Neuss · Jubel zur Premiere von "Pinocchio" am Rheinischen Landestheater. Das traditionelle Weihnachtsstück für die ganze Familie begeisterte.

Im Foyer wird gekichert und getobt, die Damen tragen rosa Spängchen in den Haaren und die Herren sportliche Kapuzenpullis. Der ein oder andere hat einen Freund an der Hand: den Kuschelhasen oder die Stoffente. Gestern feierte das traditionelle Weihnachtsstück für die Familie Premiere am Rheinischen Landestheater. Und viele Kinder waren mit Mama, Papa oder Großeltern gekommen, um Pinocchio bei seinen Abenteuern zu begleiten.

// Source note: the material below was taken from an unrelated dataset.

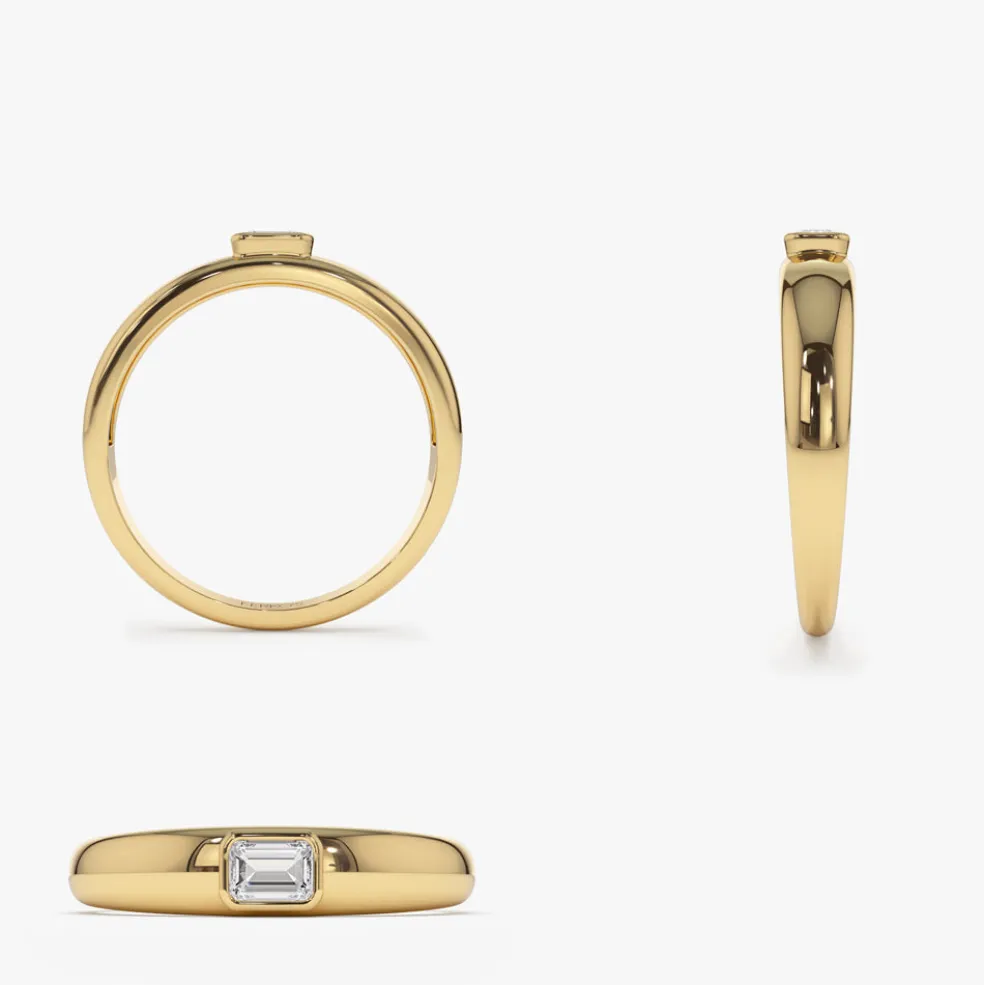 14k Dome Bezel Setting Emerald Cut Diamond Solitaire Ring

Und sofort geht es richtig komisch los: Pinocchio erwacht zum Leben. Seine Beine, seine Arme, sein Kopf — alles ist aus Holz. Und so tapert er ungelenk und steif über die Bühne, fällt über seine eigenen Beine, verdreht seine Arme und kugelt sich. Natürlich hat Richard Erben, der die Titelfigur verkörpert, damit direkt die ersten Jauchzer auf seiner Seite

. Und die gehen in ein schallendes Lachen über, als der kurzsichtige Meister Geppetto (Michael Putschli) verzweifelt seine Holzpuppe sucht. Was die Kinder längst schon wissen: Pinocchio lebt, spricht und ist ein ganz schön aufsässiges Kerlchen. So lässt denn auch die erste Lüge nicht lange auf sich warten: Die Holznase im Gesicht von Schauspieler Richard Erben wird immer länger — und der kleine Holzjunge ist schnell als Schwindler entlarvt.

Pinocchios größter Wunsch ist es, erwachsen zu sein und ein richtiger Junge aus Fleisch und Blut zu werden — dafür soll er in die Schule gehen. Damit er sich ein Schulbuch kaufen kann, gibt Geppetto ihm sein Schnitzmesser — "aber du brauchst auch einen Schultornister", ruft ein Mädchen aus dem Publikum aufgeregt. Doch statt in die Schule geht Pinocchio lieber ins Puppentheater. Dort wartet das böse Krokodil, ein ganz schön fieser Finsterling, der sogar den armen Kasper verbrennen möchte. Aufruhr im jungen Publikum, jetzt werden die Stoffhasen ganz fest gedrückt.

Aber keine Sorge: Pinocchio beschützt Kasper und erhält dafür fünf Goldstücke. Doch anstatt mit diesen schnell nach Hause zu seinem armen Papa zu laufen, fällt der Holzjunge auf falsche Freunde rein, bezahlt Wucherpreise, lässt sich ausrauben und prahlt mit seinem Geld — schnell ist es weg. Immer wieder lässt sich Pinocchio vom Weg in die Schule ablenken, hüpft lieber auf bunten Bällen ins Schlaraffen-Spielzeug-Süßigkeiten-Wunderland — bis er schließlich allein und reumütig im Bauch eines Wals landet. Am Ende ist natürlich alles gut: Alle im Publikum haben mit einem lauten Gähnen den Wal zum Öffnen seines Mauls gebracht, die Nase ist wieder kurz und Pinocchio ein richtiger Junge.

Regisseur Joerg Bitterich hat in seiner Version von Carlo Collodis Klassiker auf zu viele Requisiten verzichtet, die Bühne ist aufgeräumt und die Kostüme einfach. Mehr braucht es nicht, das junge Publikum ist auch so gefangen. Für die vielen erwachsenen Zuschauer hätte man sich mehr intelligenten Witz neben all dem Slapstick gewünscht — so wäre das Stück wirklich eines für die ganze Familie. Dass das funktioniert, zeigen andere Häuser in der Region.